Jose Ortega y Gasset (1883-1955), the most widely known and well liked of Spanish philosophers, was much admired in the United States from the 1930s through the 1960s for Revolt of the Masses, History as a System, and Dehumanization of Art, among other works. Those popular works, however, poorly reflected the complexity of Ortega's philosophy. In this first historical analysis of all the parts of Ortega's total thought, John Graham explores the extent to which Ortega's metaphysics was built not only on a native Spanish realism but also upon the pragmatism of William James. Graham details the extent to which Ortega developed an existentialsim before Martin Heidegger and a new historicism less absolute than Benedetto Croce's, by means of a phenomenological method-all within a comprehensive philosophy of life similar to Wilhelm Dilthey's, but more realist and social. In addition, an extensive bibliographical essay examines how Ortega's philosophy, as a whole and in each part, has stood in the estimation of critics worldwide from the 1920s to the present.

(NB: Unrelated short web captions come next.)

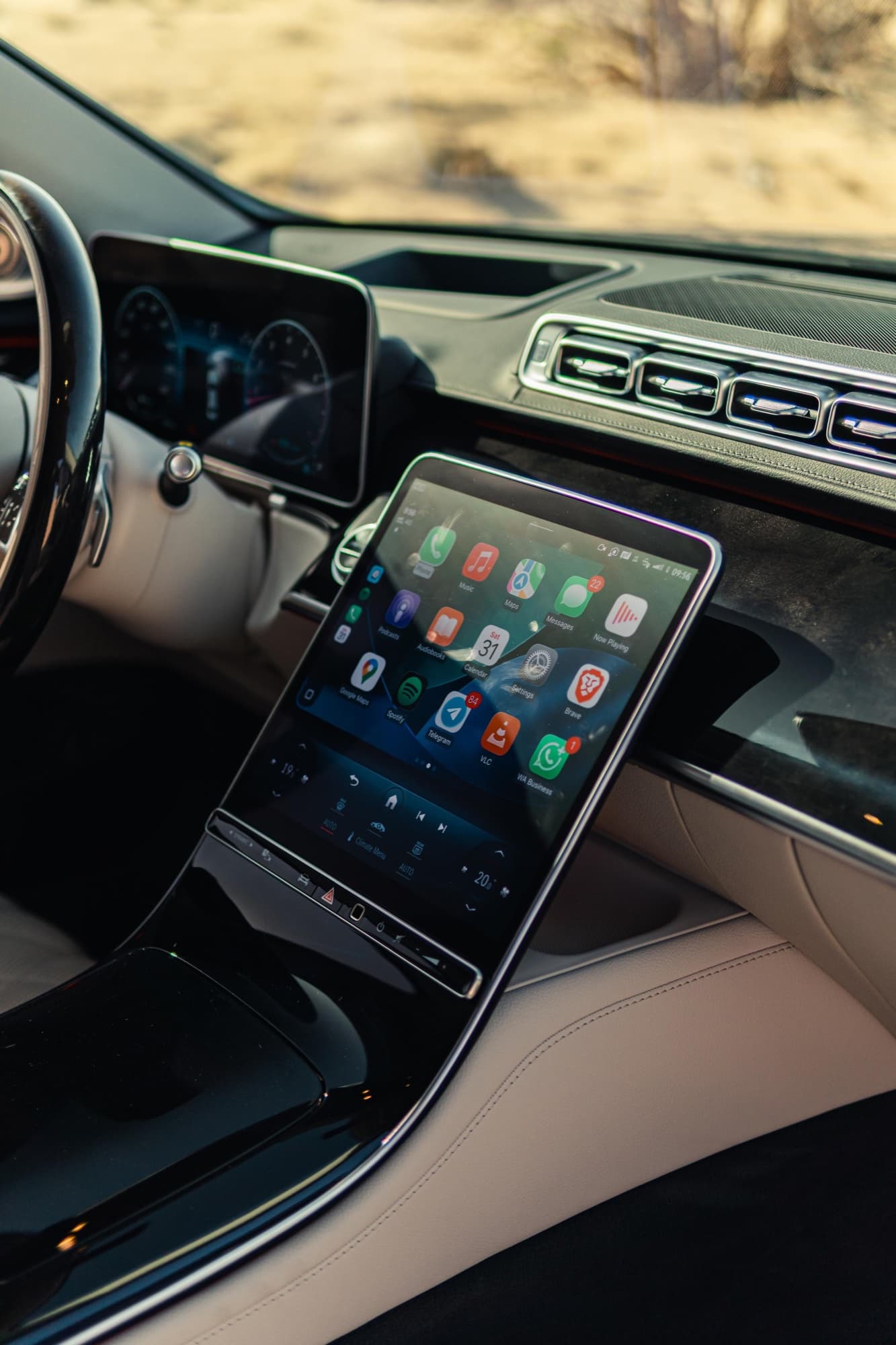 Mercedes-Benz S580 LWB - Image 11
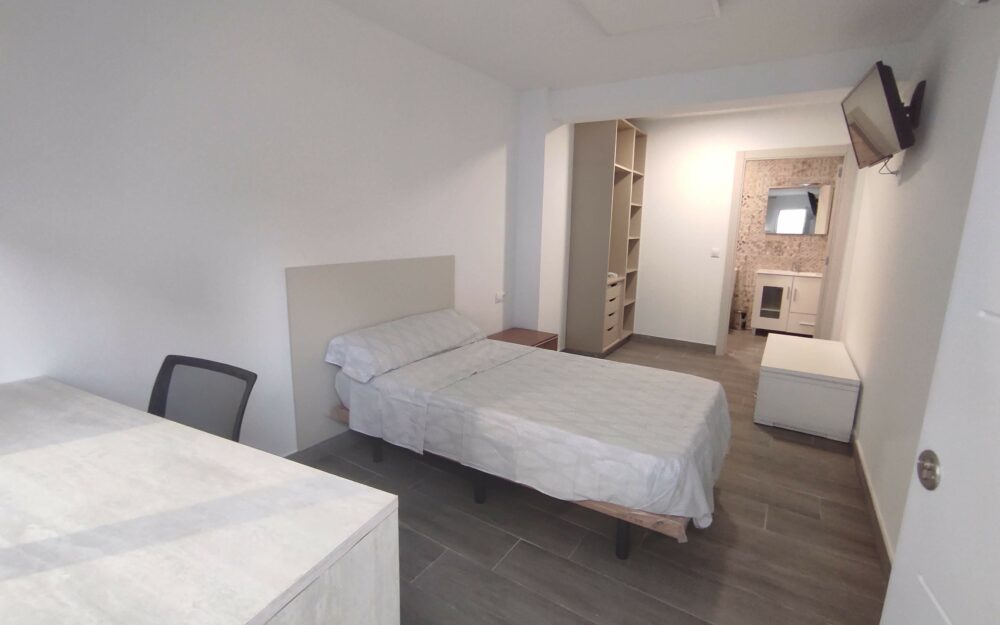 Chambre étudiante avec salle de bain en suite dans une colocation – Réf. 001397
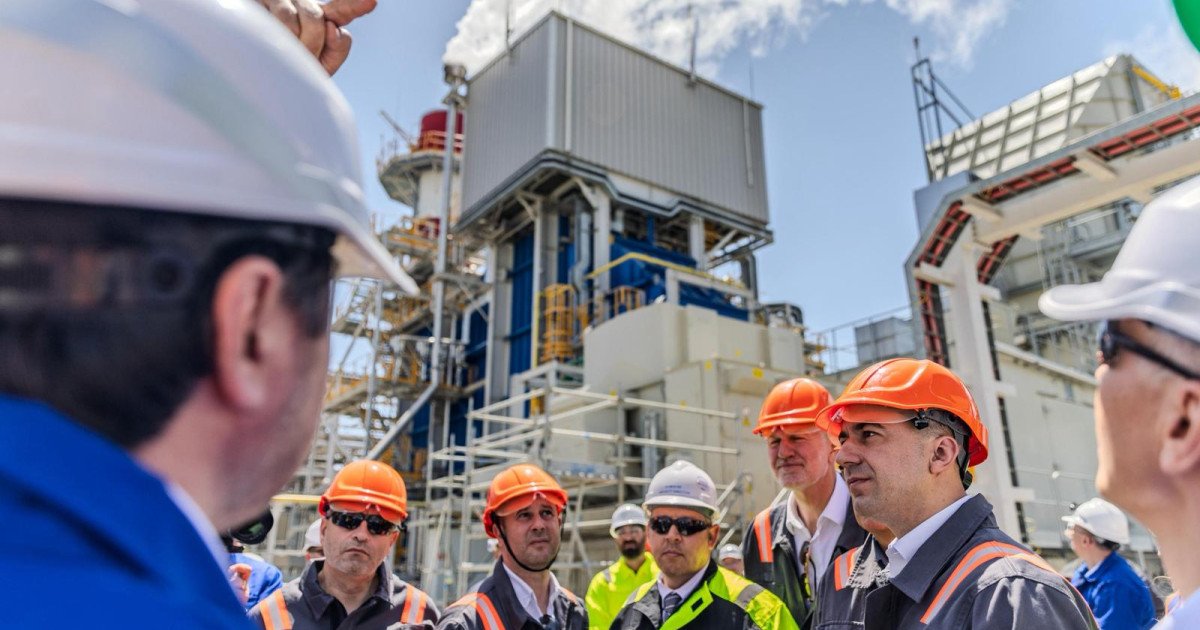 Rafinăria Petromidia, operată de Rompetrol, şi-a reluat activitatea complet la capacitate maximă, după ce a fost închisa temporar pentru lucrări de mentenanţă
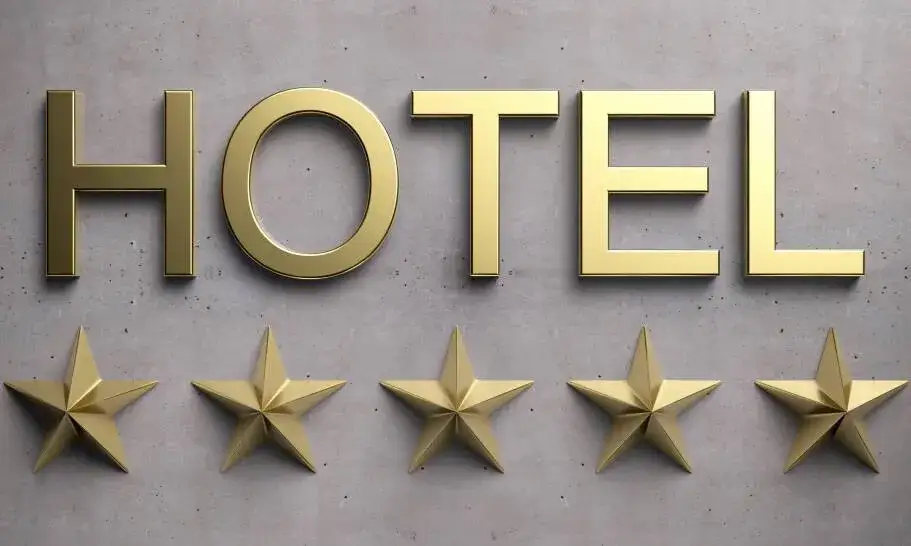Co oznaczają gwiazdki w hotelu? Zrozum ich znaczenie i standardy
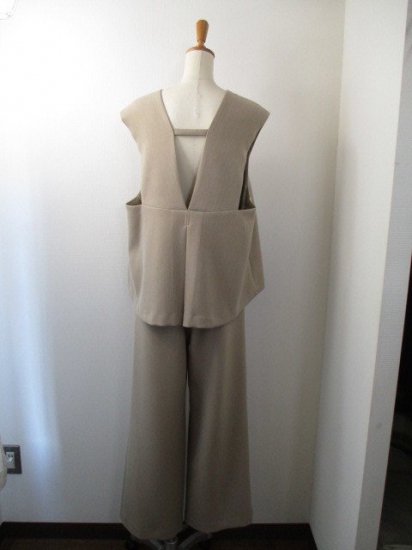 ʥ꡼ Anna Kerry V-NECK VEST BEIGE ̵ Vͥå٥ Хåǥ󤪤 ´ȼ ؼб ١/֥å NO:27244702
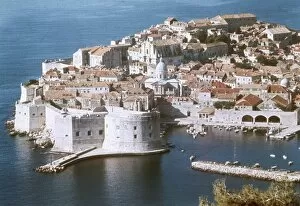 Images Dated 30th September 2011: Croatia / Dubrovnik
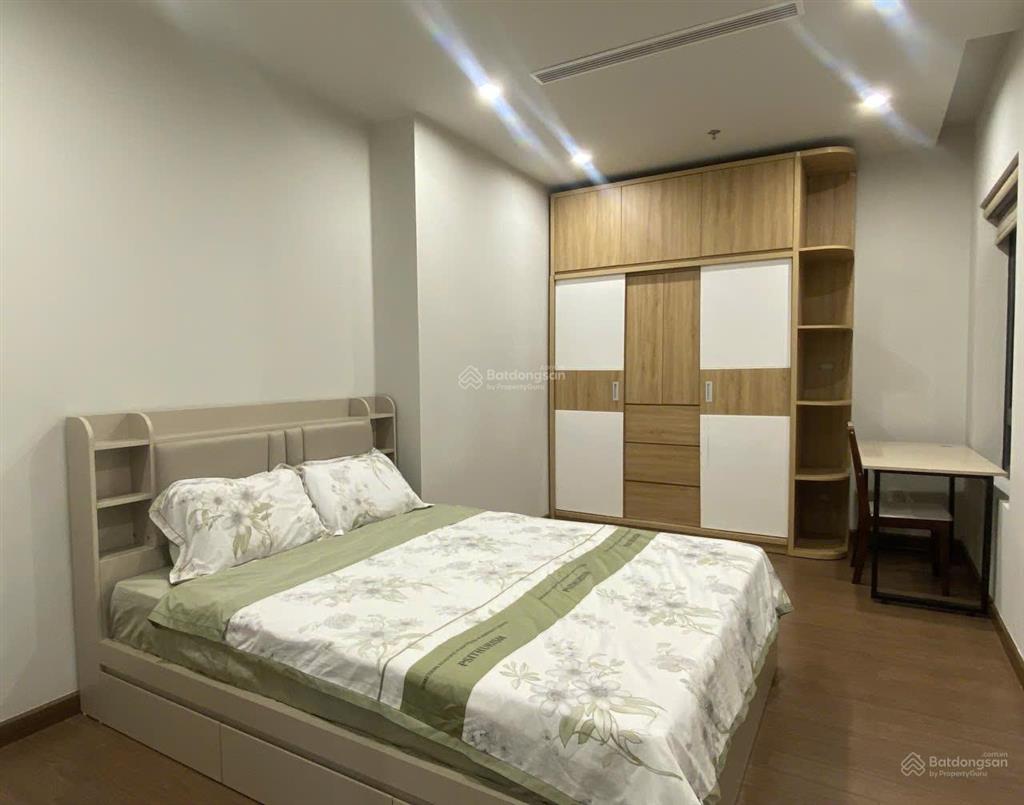 Cho thuê căn hộ đầy đủ nội thất cao cấp 45m 11tr phố trần hưng đạo.  0395 512 ***
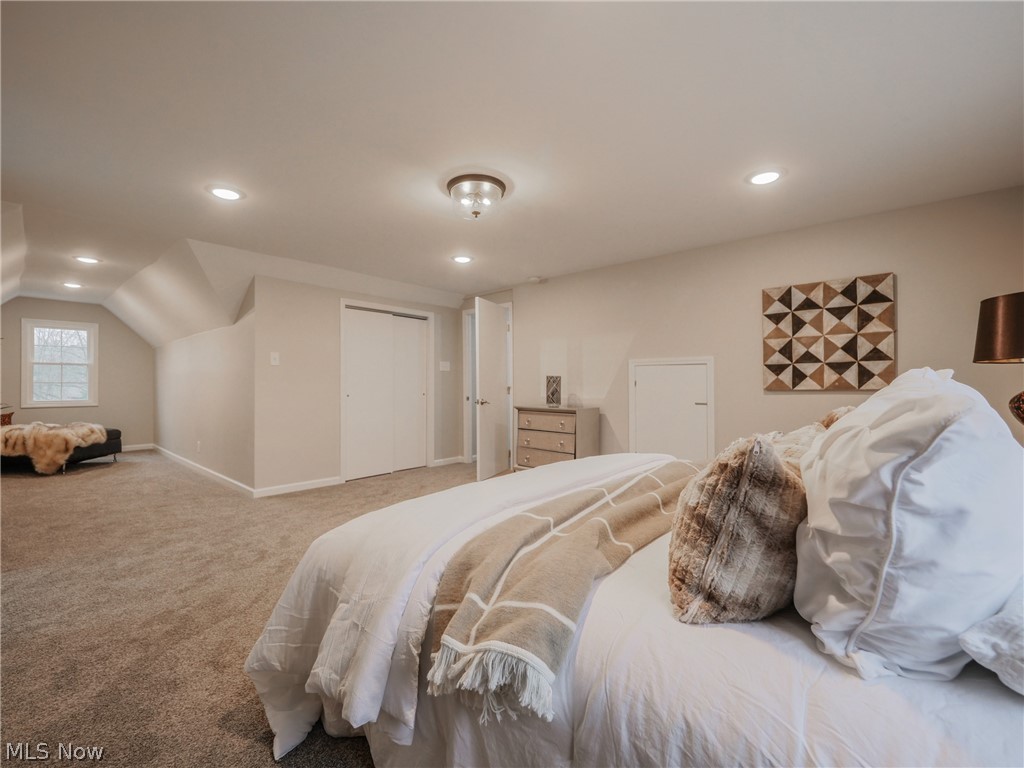 3232 Berkeley Road Cleveland, OH 44118 - Photo 23 of 33 2nd Floor Bedroom with view of extra seating area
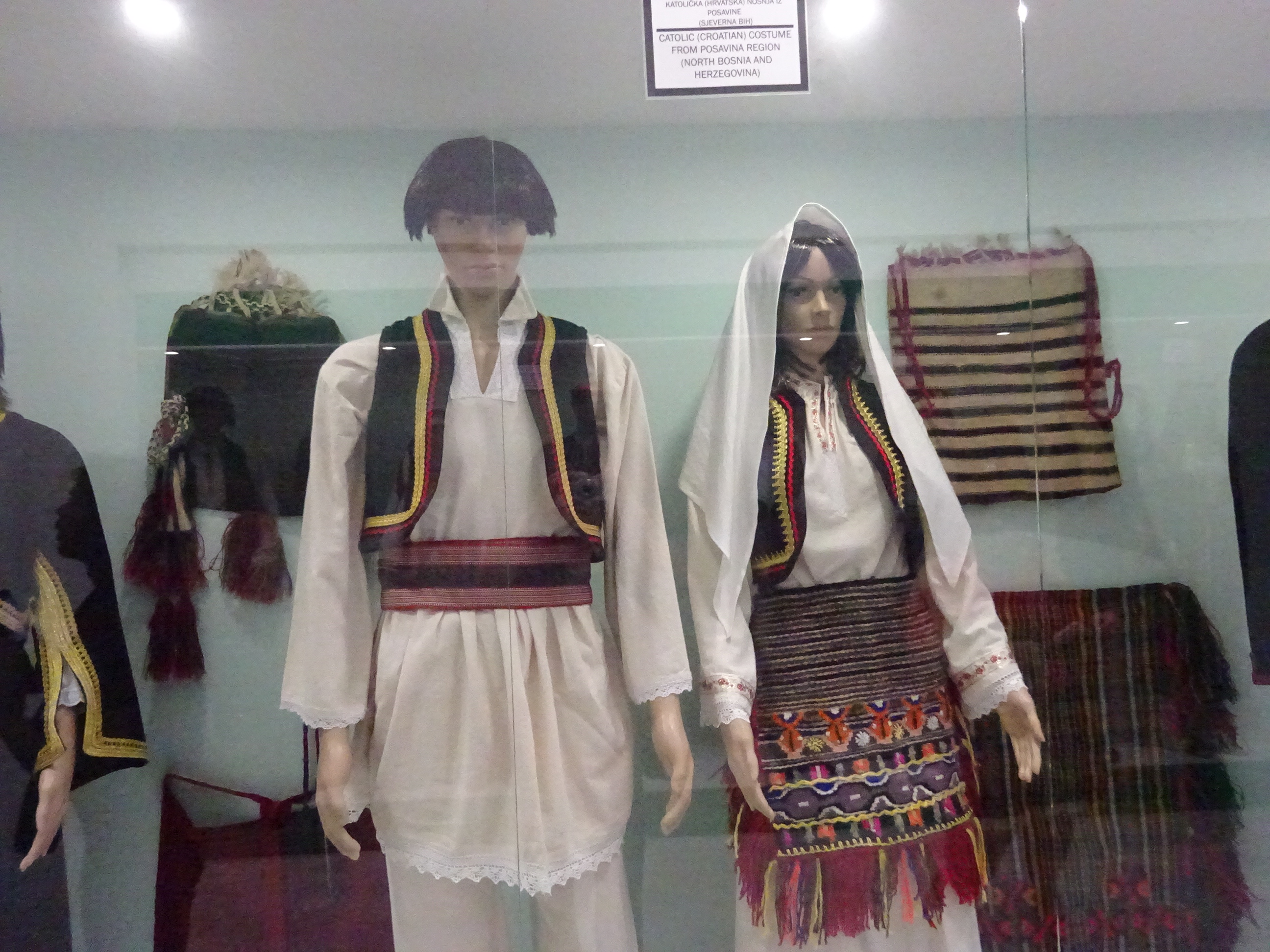 モスタルの博物館「BosnaSeum」民族衣装の展示品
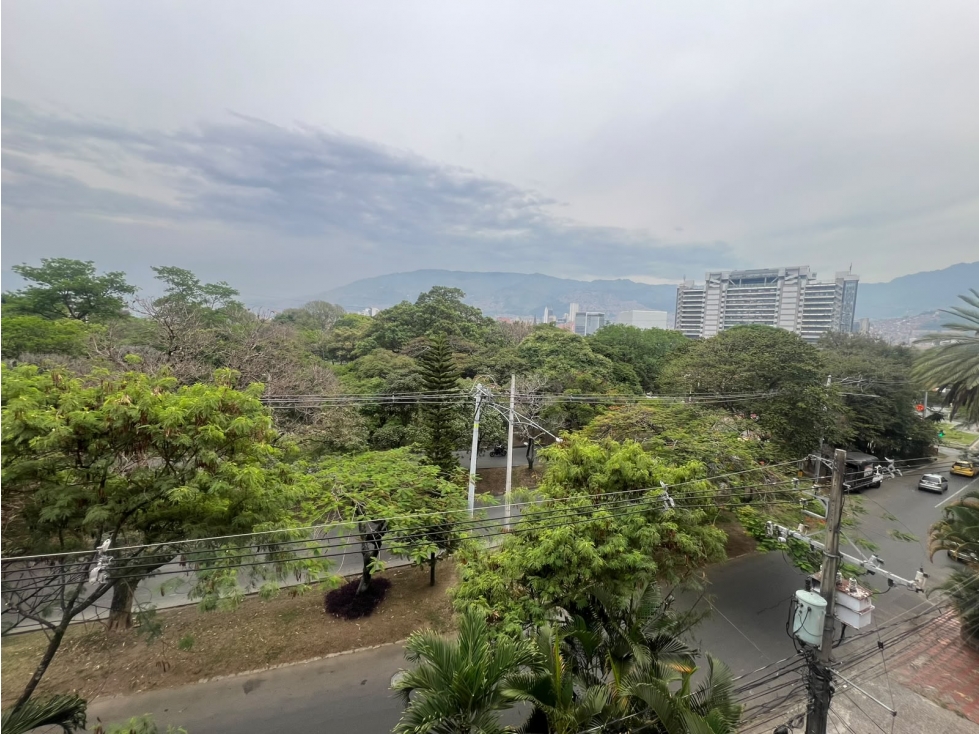 Apartamento En Arriendo Sector Laureles — foto 2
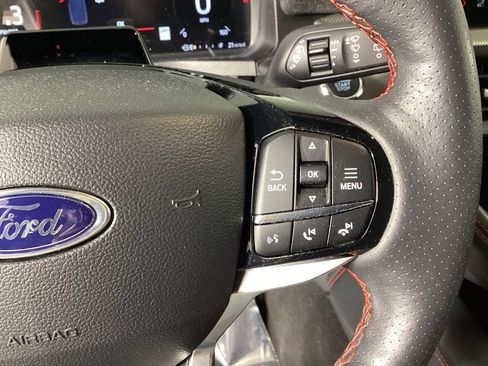 Used 2025 Ford Explorer ST-Line AWD/4WD image 28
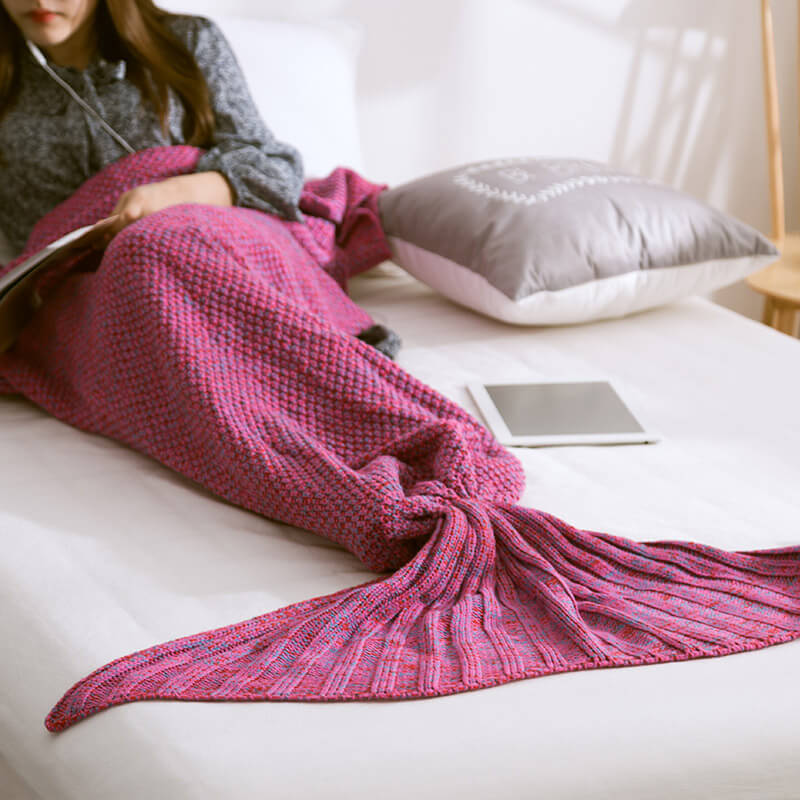 MERMAID TAIL KNIT BLANKET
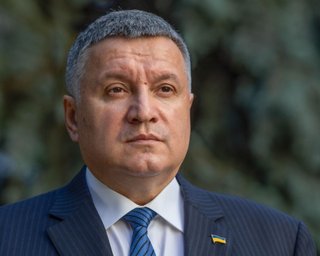 Згадали Авакова: у Зеленського з'ясовують, як під санкції РНБО помилково потрапили 108 осіб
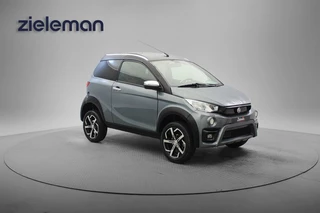 Hoofdafbeelding Aixam Crossover Aixam Crossover dCi Highline Sport - 2022 - 6.707 Km - Camera, Leer, Parkeersensoren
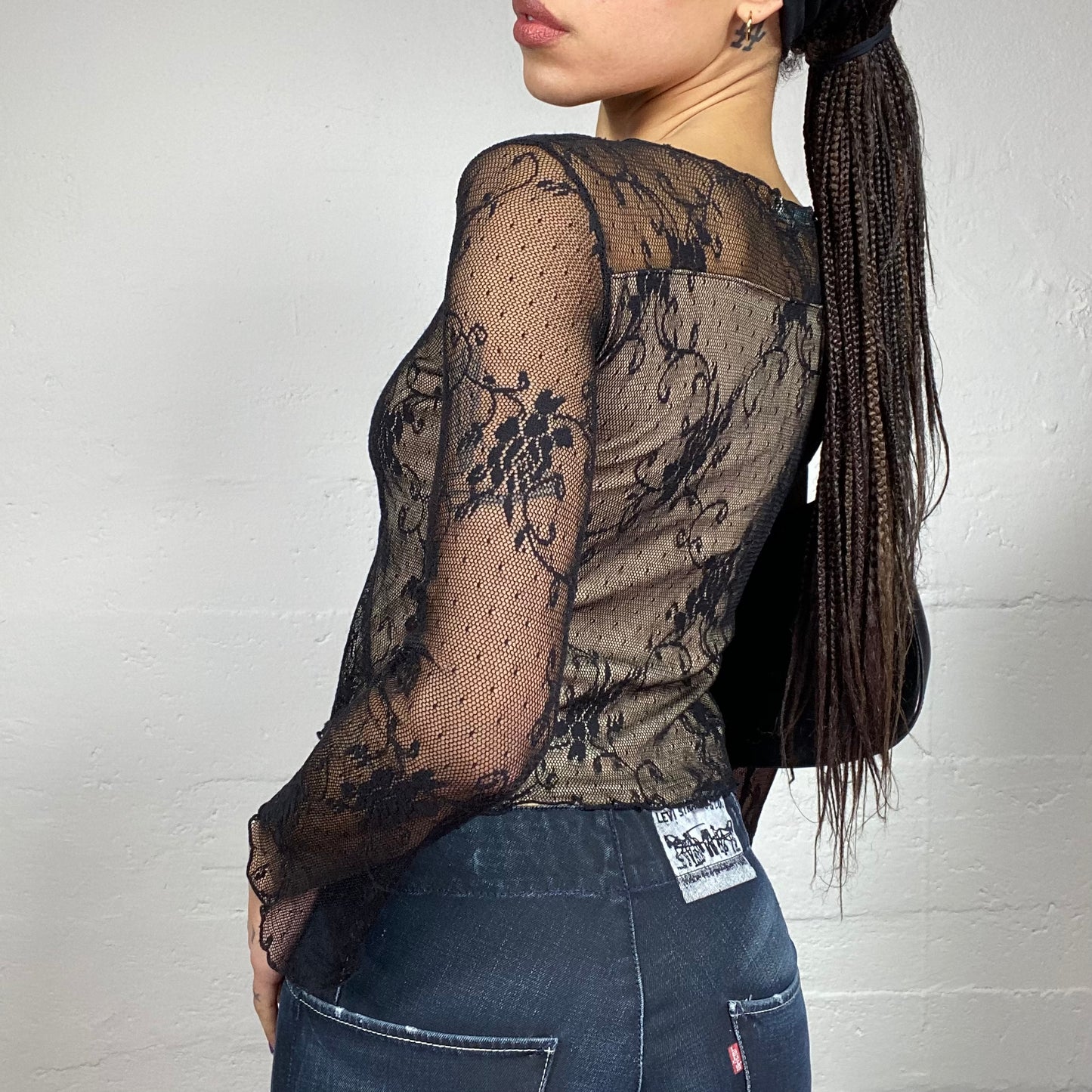 Vintage 90's Coquette Black Longsleeve Lace Top (M)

Over ten years in preparation, A Pragmatist Philosophy of Life in Ortega y Gasset reveals how open, adaptable, and inventive was pragmatism as Ortega elaborated its philosophical implications and applications for Spain, Europe, and the Americas. It is based on extensive use of the twelve volumes of Ortega's Obras completas, the eighty microfilm reels of his archive in the Library of Congress, and his private library of fifteen hundred volumes in Madrid. These sources, many of which have not been available previously, provide the essential evidence needed to demonstrate the novelty and subtlety, the diversity and unity, of Ortega's thematic "system" of thought.
Students and scholars of intellectual history, Spanish literature, and philosophy will welcome this important new study.